While riding the train to Balboa Park for class, Goldberg said it was not uncommon to miss her stop – a family tradition of sorts, she said. Her father, while commuting on the Long Island Railroad to New York City, was known to roll right past his destination station.

“I guess it runs in the family,” Goldberg said.

When she isn’t writing, editing, or grading papers on BART, Goldberg said she spends her rides daydreaming and gazing out the windows.

 

Goldberg moved to the Bay Area in the 1980s. She has never owned a car.

“The last time I had a car in the driveway was when I lived with my parents in high school,” she said.

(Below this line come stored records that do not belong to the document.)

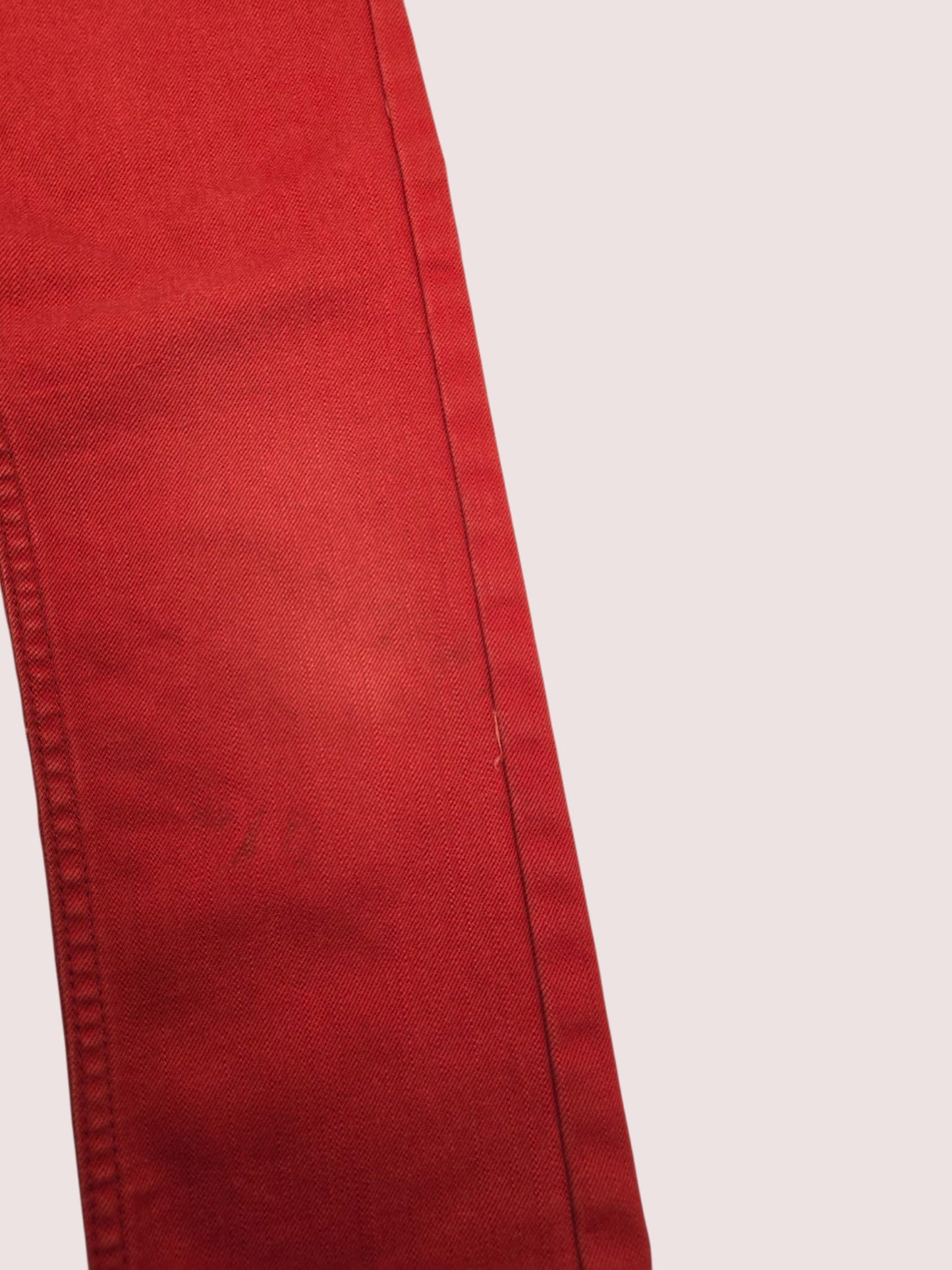Deep red Levis 6slim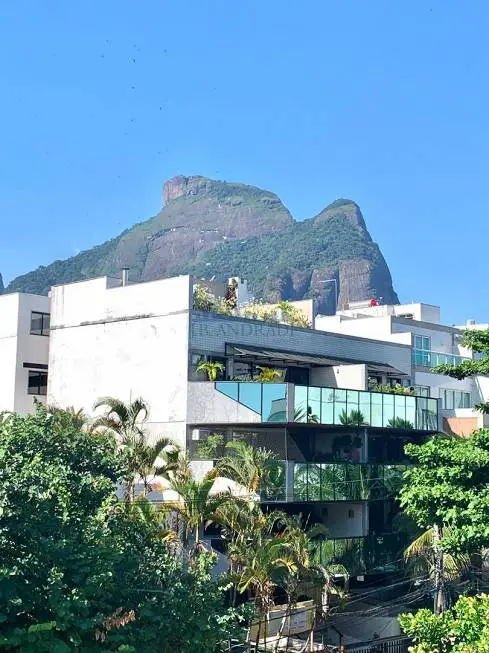 Foto 1 de Apartamento com 3 Quartos para alugar, 165m² em Barra da Tijuca, Rio de Janeiro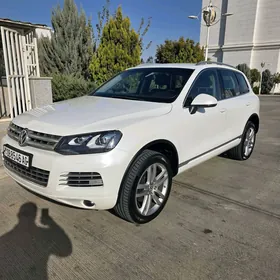 Volkswagen Touareg 2014
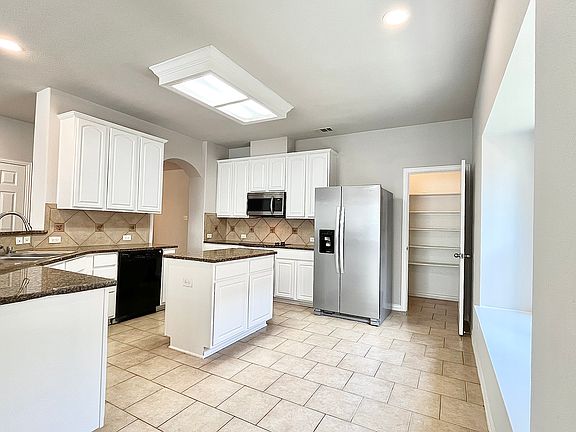 3rd image of 7205 Middleburg Dr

While living in San Francisco, Goldberg said she would regularly hop on the first Muni bus to cross her path and ride it wherever it took her. It wasn’t until she moved to Berkeley that she became a BART regular.  

Janet Goldberg Headshot
Headshot of author Janet Goldberg

Trains soon became her favorite mode of transportation.

“The Proprietor’s Song” was largely inspired by Goldberg’s love of California and the state’s awesome landscapes. She says she often looks at the windows of her BART train “at all the sights, whether they’re lovely or not so lovely; they’re a part of the Bay Area experience, and I never tire of it.”

Goldberg spent about two years developing and editing the novel. She said she largely “free wrote” it spontaneously and had “no idea what was going to happen from one page to the next.”

On the train, Goldberg would scratch out the words, which grew into sentences, then chapters, then a 166-page novel. She initially intended the work to be a short story, but that short story kept “getting longer and longer.”

After drafting the manuscript, Goldberg printed out typed-out sections and brought them on the train to edit longhand with a pen. She’d often look up from her work and notice fellow passengers staring at her.  

“If I have a seatmate, whether I’m writing or grading papers, I sometimes see them gazing over and looking at what I’m doing,” she said. “Sometimes they’ll even outright ask, ‘What are you doing?’”

Goldberg said when she revealed she was working on a novel, her fellow passengers became quite excited.

These days, Goldberg no longer commutes to CCSF. Now, she rides BART in the opposite direction of the city, to access a pool in Walnut Creek where she swims laps. She said she strongly believes in the importance of public transportation and would like to see it “bettered and expanded in this country.”

“I want to see local transit thriving,” she said. “I can’t stand dealing with Bay Area traffic and congestion.”